Sunday, May 25, 2008

death and sorrow

(Extract from an old e-mail sent on the sudden death of Sudhir) We cannot take the matter of weeping lightly. It is beyond reasoning or philosophizing. Yet we do both in an attempt to escape from the sorrow. Sorrow is an emotion which is there in human system, often accumulated enough, waiting for a trigger to release it. Death of near and dear ones is perhaps just one of the triggers. If there is no event triggering the mechanism, the human mind will invent something, even an absurdity to release the welled up emotion of sorrow. Lewis Carroll brings it out in a light vein when he says that the Walrus and the Carpenter wept like anything to see such quantities of sand! 'If only some seven maids with seven mops swept the beach, could it be cleared of the sands?' They doubted it, felt sad and cried! The beautiful nonsense and its absurdity bring out the profound Truth of the fact of sorrow! A spiritual leader in Rishikesh wept and cried like anything because his favorate tree was on the other side of the Ganges! This is not to treat lightly the anguish in the sense of loss felt or the love and compassion for the near and dear one lost. The anguish arises partly from self pity and partly from Love. The self pity is painful and the love gives relief from the pain. The tendency is therefore not to avoid the sorrow but to indulge in it with a feeling that one is somehow paying back a debt to the departed.
Death is of course going out of THIS existence. Whether there is any other existence, we do not know. There seems no way of knowing because even if one feels inclined to believe what some great spiritual masters say from a direct perception by them, it may not be true and could be just a trick of their mind. We do not remember from where we have come. It stands to reason that we cannot know where we are going to also.

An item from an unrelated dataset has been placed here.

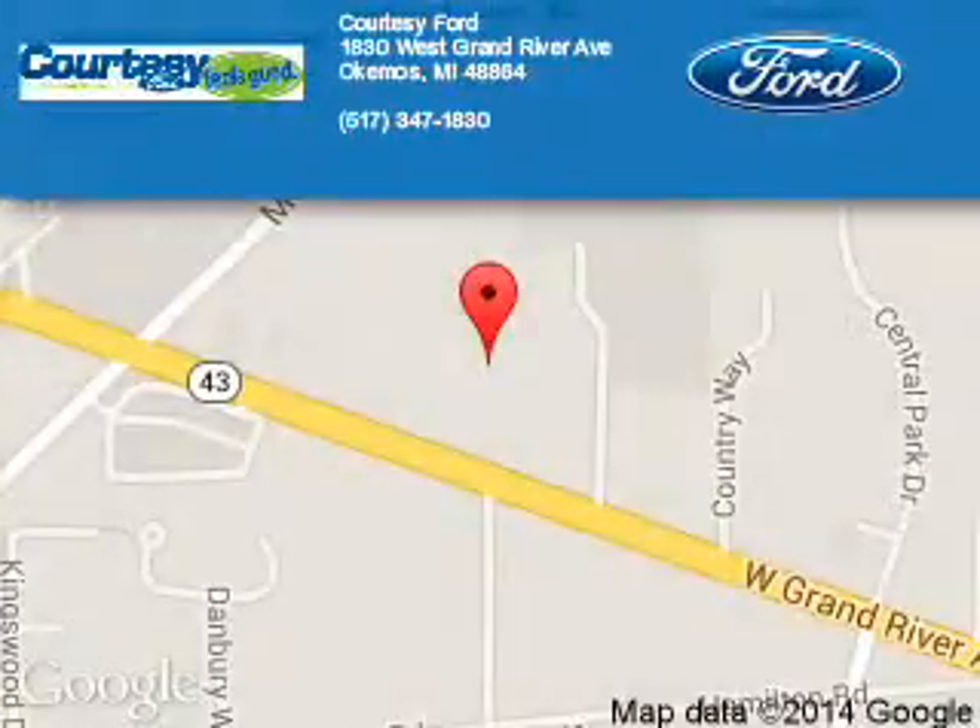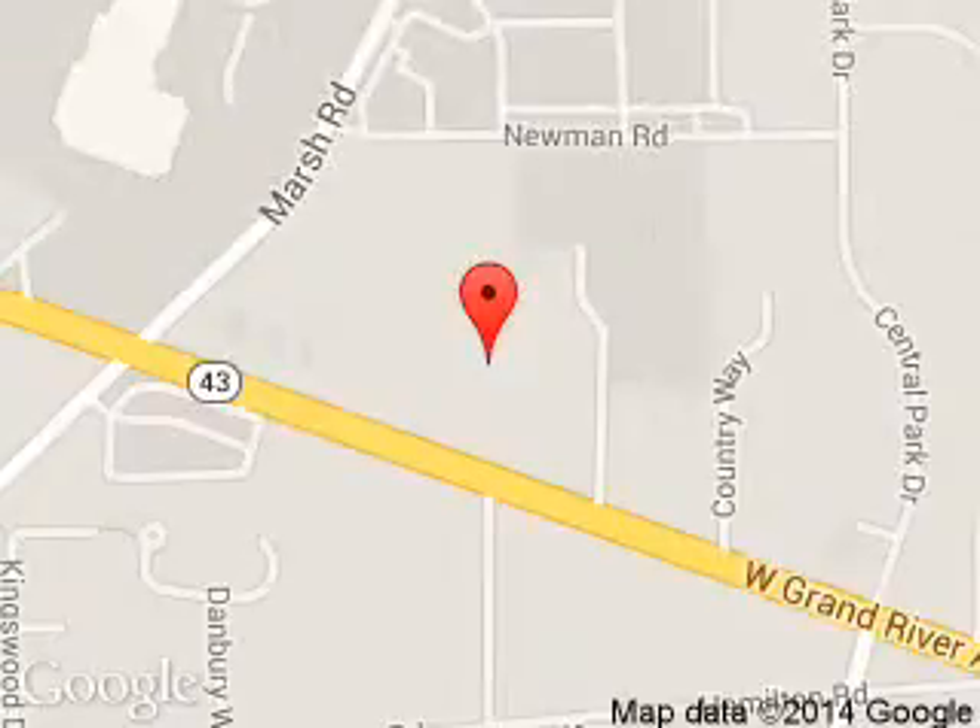Great quality at a great price. Call or click to contact us today. Courtesy Ford is dedicated to doing everything possible to ensure that the experience you have selecting your next vehicle is a pleasant one. We are located at 1830 West Grand River Avenue, Okemos, Michigan, 48864.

May be that any possible existence after life may be much better than that in this life.
For quite some time now I had been feeling like a passenger at the fag end of a long railway journey nearing his destination. I don't know where I am to alight and what is in store for me there. I remember the things that I saw and happened to me after boarding the train, but nothing earlier than that.
And I have only one thing of which I am absolutely sure. That is the awareness within me.